[Data for this exercise Boundary: Start]
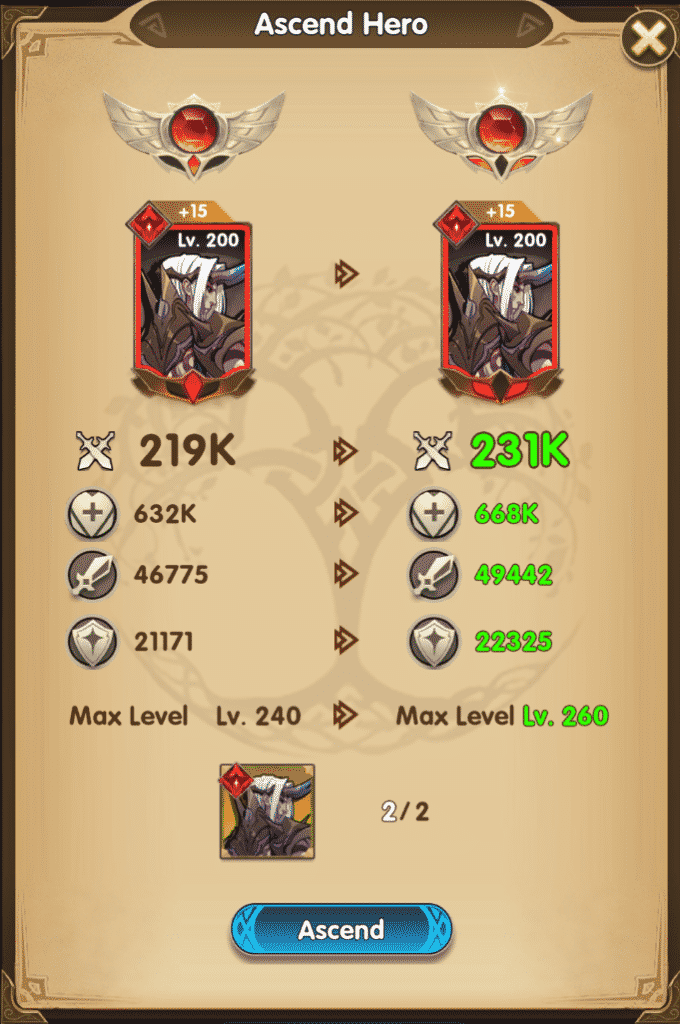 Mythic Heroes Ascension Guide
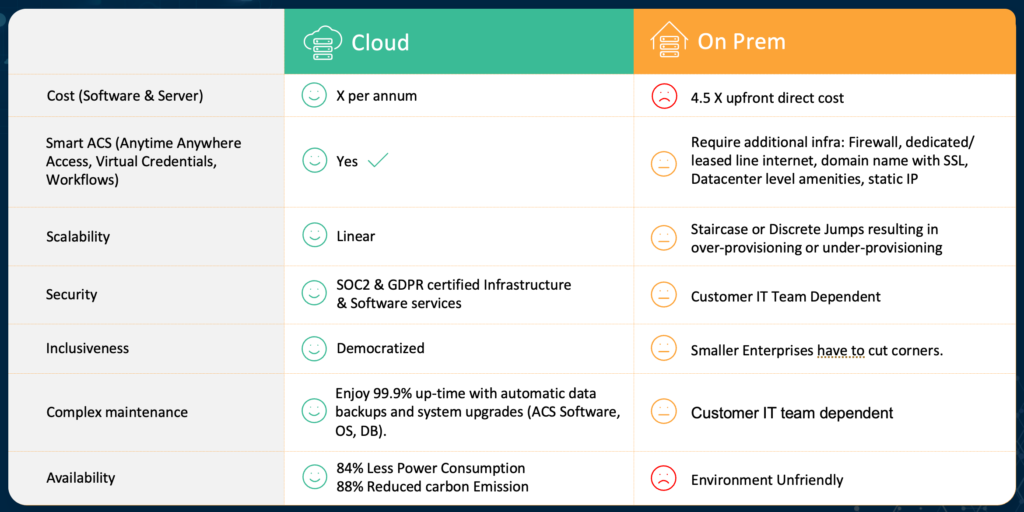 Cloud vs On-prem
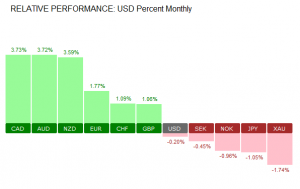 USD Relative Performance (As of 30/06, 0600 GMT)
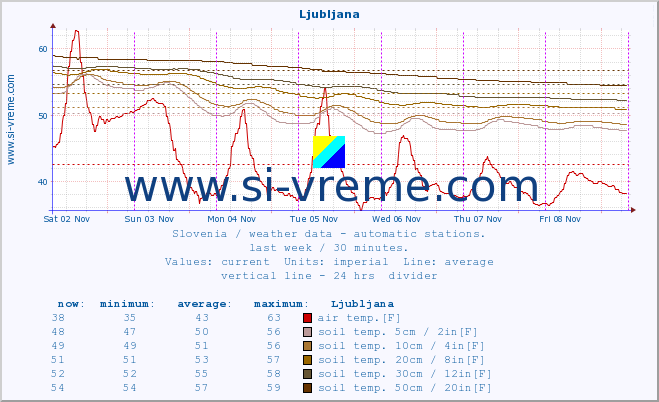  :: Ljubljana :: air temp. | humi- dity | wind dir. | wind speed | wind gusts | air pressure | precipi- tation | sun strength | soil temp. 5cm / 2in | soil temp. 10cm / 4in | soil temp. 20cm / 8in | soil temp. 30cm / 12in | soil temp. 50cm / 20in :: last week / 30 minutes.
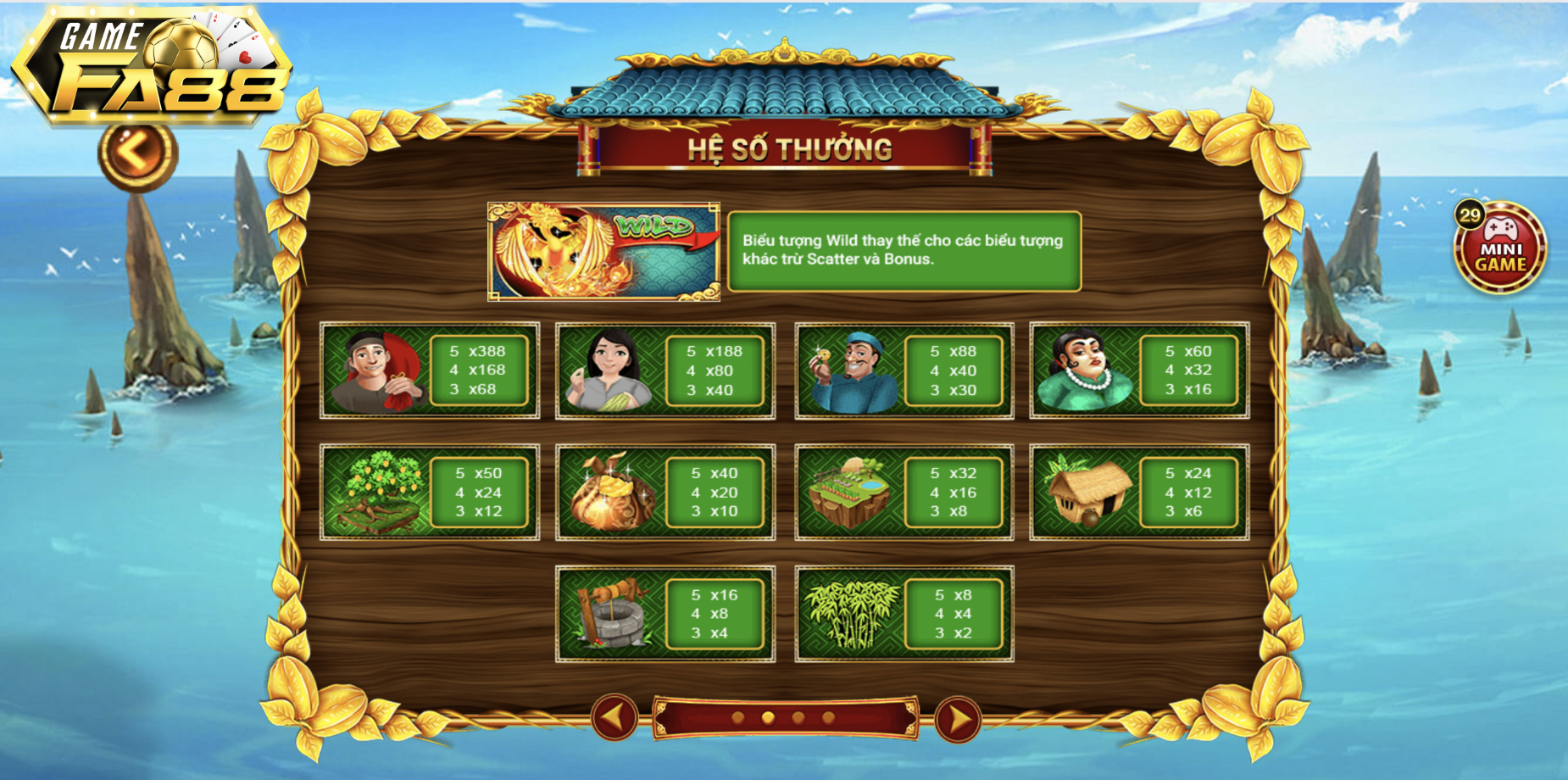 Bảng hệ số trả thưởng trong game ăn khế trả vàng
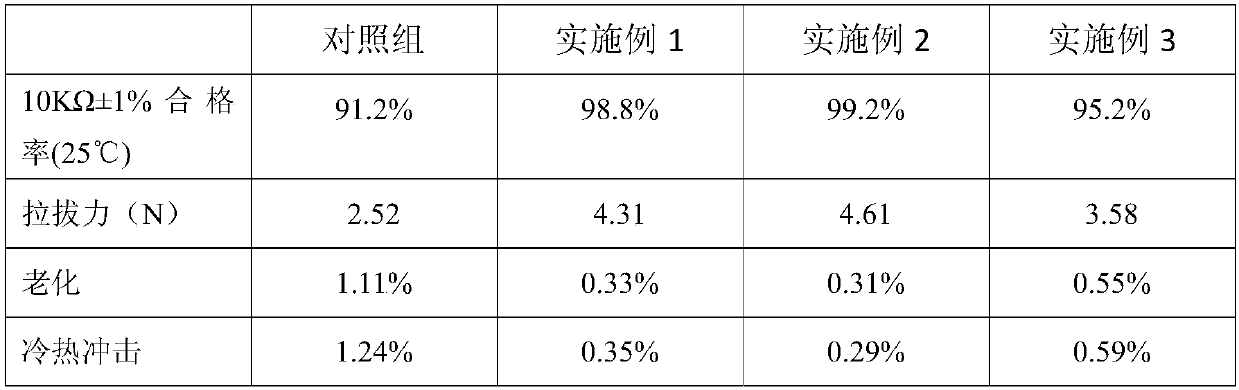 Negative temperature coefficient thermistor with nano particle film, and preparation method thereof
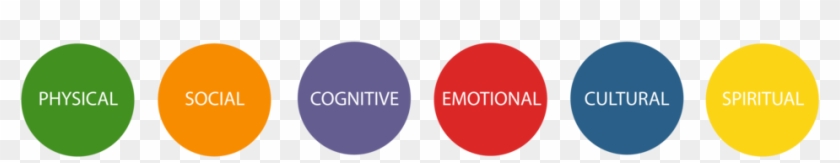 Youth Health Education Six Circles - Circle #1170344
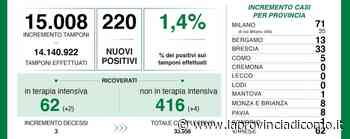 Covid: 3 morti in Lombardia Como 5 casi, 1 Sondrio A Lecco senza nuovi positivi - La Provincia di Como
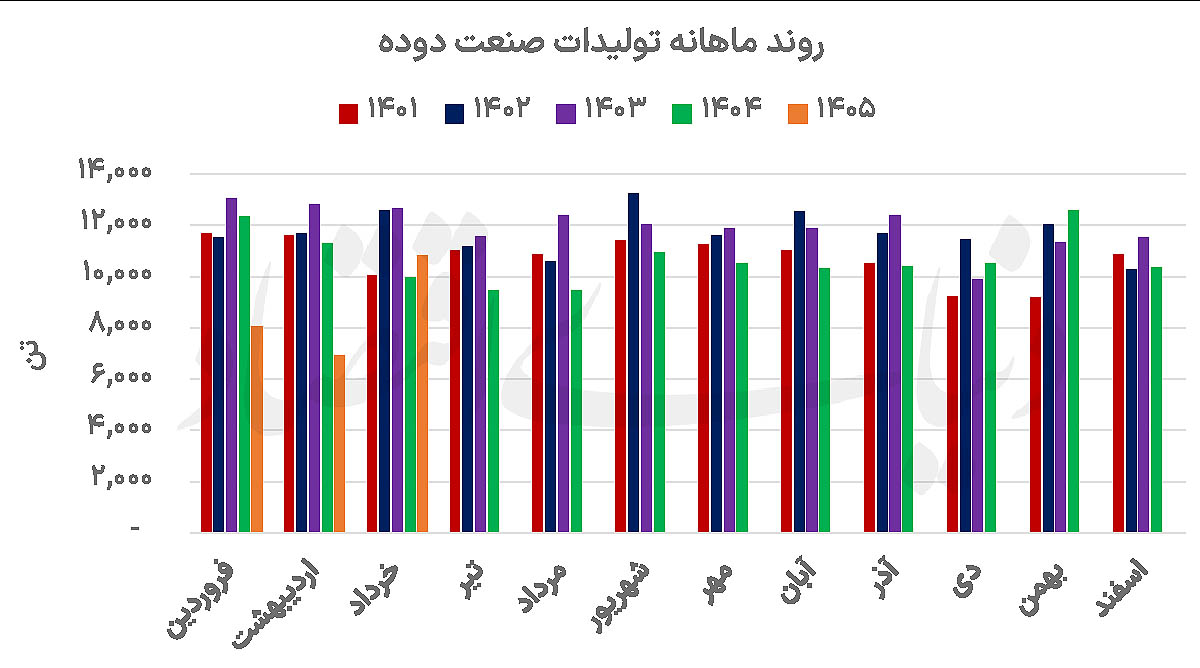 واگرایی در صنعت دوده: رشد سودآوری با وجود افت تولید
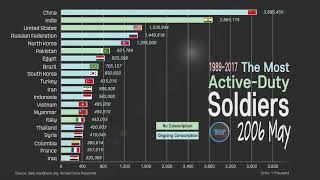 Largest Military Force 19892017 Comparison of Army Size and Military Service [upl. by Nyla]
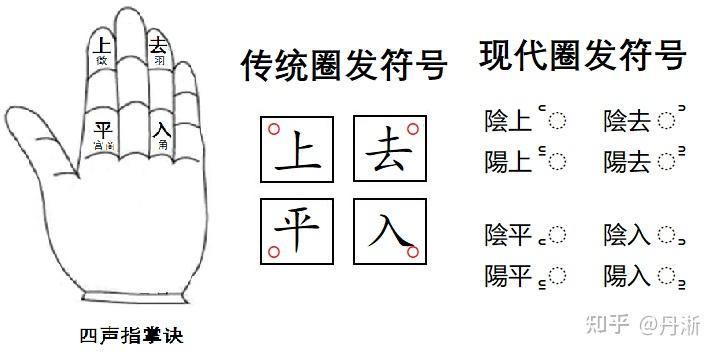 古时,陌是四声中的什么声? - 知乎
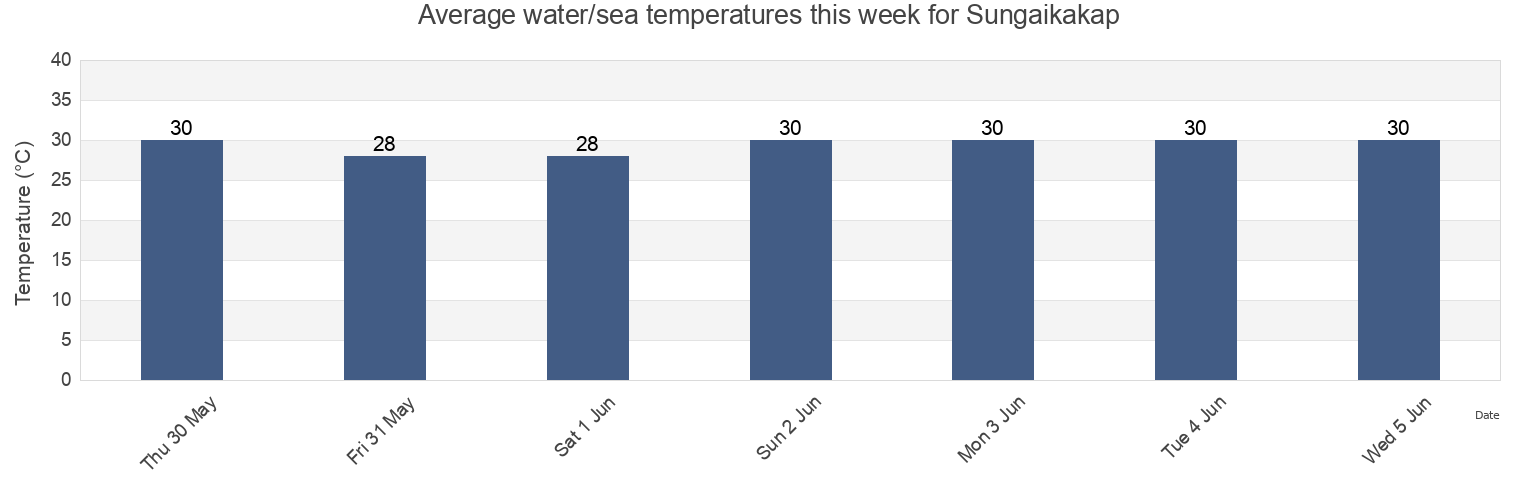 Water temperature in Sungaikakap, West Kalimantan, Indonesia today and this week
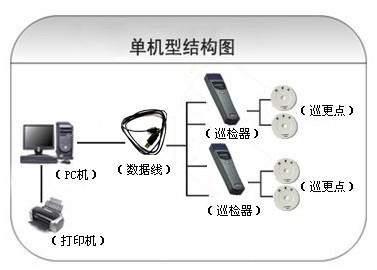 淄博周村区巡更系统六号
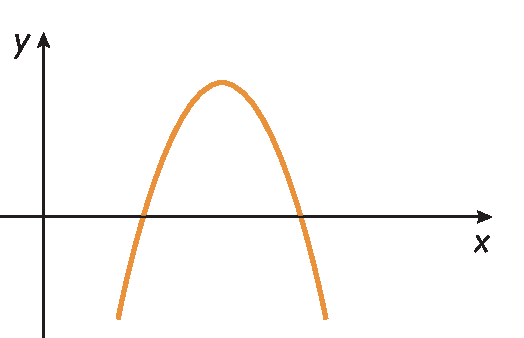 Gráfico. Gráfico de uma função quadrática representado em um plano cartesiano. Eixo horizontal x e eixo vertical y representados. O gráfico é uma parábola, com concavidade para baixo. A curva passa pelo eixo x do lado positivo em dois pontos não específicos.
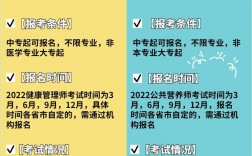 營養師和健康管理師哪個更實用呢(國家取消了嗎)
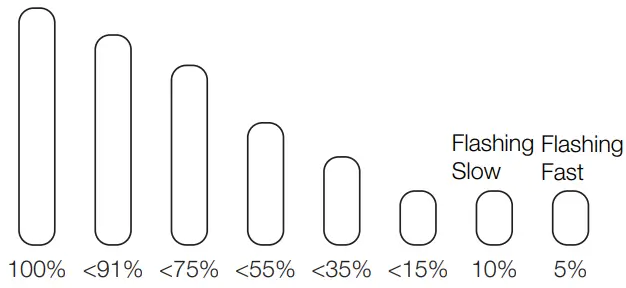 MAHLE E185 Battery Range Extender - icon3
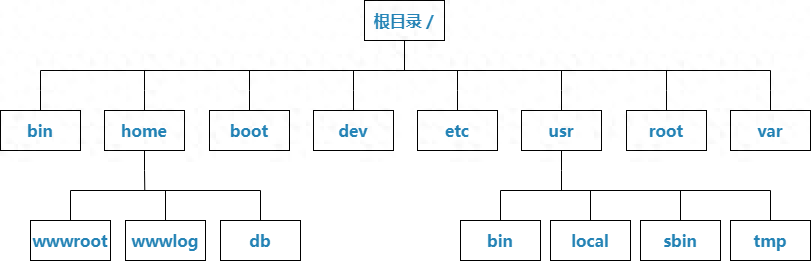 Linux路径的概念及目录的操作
[Data for this exercise Boundary: End]
# What you have to do:
Up to and including the line that holds "USD Relative Performance", restate word for word each line of the records from their start, and only those lines, leaving out the pictures.

# Answer below:
 Mythic Heroes Ascension Guide
 Cloud vs On-prem
 USD Relative Performance (As of 30/06, 0600 GMT)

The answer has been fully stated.